1 ° Réponse. « ” La Bible fait appel aux instincts constitutifs de notre être, mais non pas à notre égoïsme. L’homme craint le malheur et ce n’est pas mal à lui de l’éviter et de rechercher son propre bonheur, pourvu que cette recherche soit subordonnée à la gloire de Dieu.

2 ° Réponse. « ” L’humanité a été tellement abrutie par le péché, qu’à moins de faire appel à ses espérances et à ses craintes, il n’est pas possible d’attirer son attention sur la beauté du caractère de Dieu et sur les raisons qu’elle a de l’aimer. Mais quand l’homme est rendu attentif et que sa conscience est éveillée, Dieu lui présente l’Evangile. Quand un ministre a prêché les terreurs de Dieu, de sorte qu’il a alarmé, réveillé ses auditeurs et conquis leur attention, il ne doit pas continuer à prêcher dans le même sens, mais exposer dès lors à ses auditeurs tout le caractère de Dieu, de manière à ce qu’ils l’aiment à cause de sa propre excellence.
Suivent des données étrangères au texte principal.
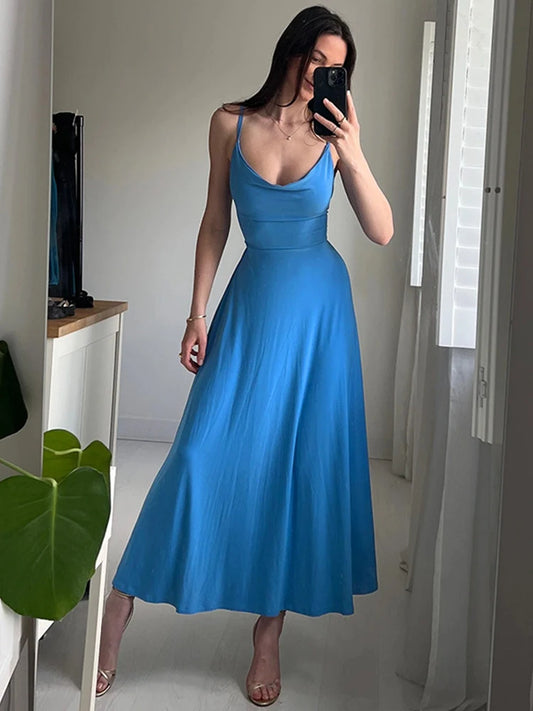 Azure Grace Maxi Dress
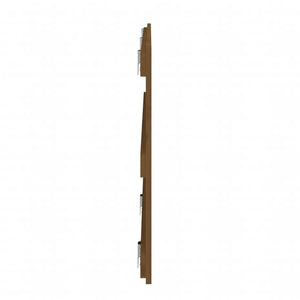 Väggmonterad huvudgavel honungsbrun 185x3x60 cm massiv furu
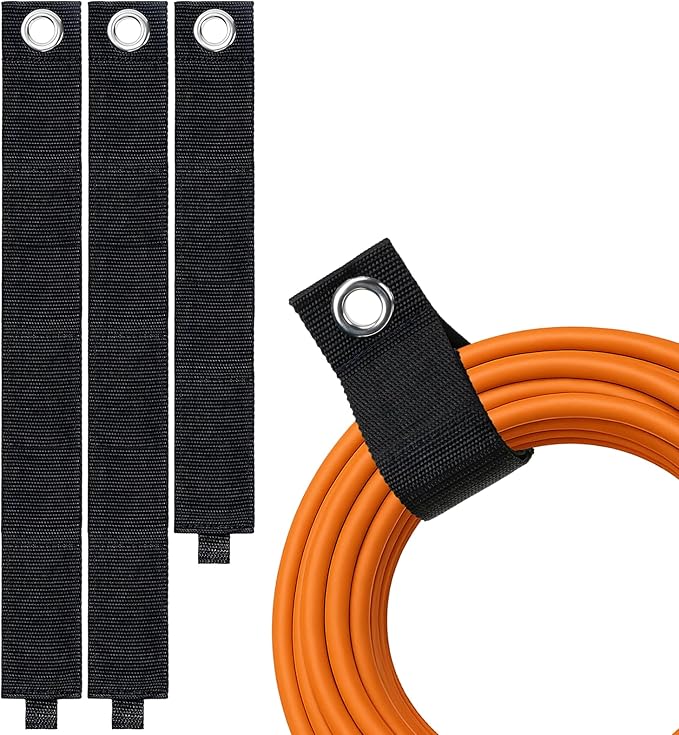 Heavy-Duty Extension Cord Holder 3-Pack, Two Sizes, Durable Nylon Cable Organizer Straps for Hanging Cables，Cords, Hoses, Ropes，Tools and Outdoor Organization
6 ° Objection. « ” Les écrivains inspirés ne disent-ils pas:  » Repentez-vous, croyez à l’Evangile et vous serez sauvés?  »
Réponse. « ” Oui ; mais ils exigent la vraie repentance qui consiste à abandonner le péché parce qu’il est odieux et abominable en lui-même. Ce n’est pas la vraie repentance que d’abandonner le péché à condition que l’on soit pardonné. La Biblerequiert la vraie foi et la vraie soumission ; non pas une foi conditionnelle, non plus qu’une soumission partielle. Et elle y insiste. Elle dit, il est vrai :  » vous serez sauvés,  » mais elle veut pour cela la repentance qui procède de l’amour et la soumission sans réserve ni condition.

7 ° Objection. « ” L’Evangile ne présente-t-il pas le pardon comme un motif de se soumettre à Dieu ?

Réponse. « ” Cela dépend du sens que vous donnez à ce terme de MOTIF. Si vous entendez que Dieu déploie devant les hommes tout son caractère et toute la vérité concernant la bonne nouvelle du salut, comme motifs qui doivent, les porter à l’amour de Dieu et à la repentance, je réponds : Oui, la compassion de Dieu et sa disposition à pardonner sont des raisons pour aimer Dieu, parce que ce sont là des traits de son glorieux caractère qui est infiniment digne de notre amour. Mais si vous entendez par  » motif » une condition, et que vous vouliez dire que le pécheur doit se repentir à condition que le pardon suive, je réponds que nulle part la Biblene présente une semblable idée. Nulle part elle n’autorise le pécheur à dire : Je me repentirai SI tu veux me pardonner.

 

Je termine par deux courtes remarques.

 

  1. Le sujet que nous avons étudié nous montre pourquoi il y a parmi les chrétiens de profession des vues si différentes sur la nature de l’Evangile,

Les uns le regardent comme une concession faite à l’humanité, de sorte que Dieu serait devenu moins strict qu’il ne l’était sous la loi. Aussi pensent-ils qu’il leur est permis de faire une large part à l’amour du monde, et que l’Evangile viendra, combler les lacunes de leur obéissance et les sauver.

Les autres reconnaissent, dans l’Evangile la surabondante bienveillance de Dieu ayant pour premier but de détruire le péché et de produire la sainteté ; de sorte que bien loin de donner aux hommes la facilité d’être moins saints qu’ils devaient l’être sous la loi, toute la valeur de l’Evangile consiste au contraire dans le pouvoir qu’il a de les rendre saints.

 

  1. Nous voyons pourquoi nombre de chrétiens de profession se préoccupent beaucoup plus de la conversion des pécheurs, que de voir l’église sanctifiée et Dieu glorifié par les bonnes œuvres de son peuple.

Beaucoup de chrétiens ressentent une sympathie naturelle pour les pécheurs et désirent les voir sauvés de l’enfer ; cela fait, leur préoccupation ne va pas plus loin. Mais quant aux vrais saints, c’est le péché, en tant que déshonorant Dieu, qui les affecte au plus haut point. Ce qui cause leur plus grande détresse, c’est de voir le péché des chrétiens, parce que c’est celui-là qui plus que tout autre, déshonore Dieu.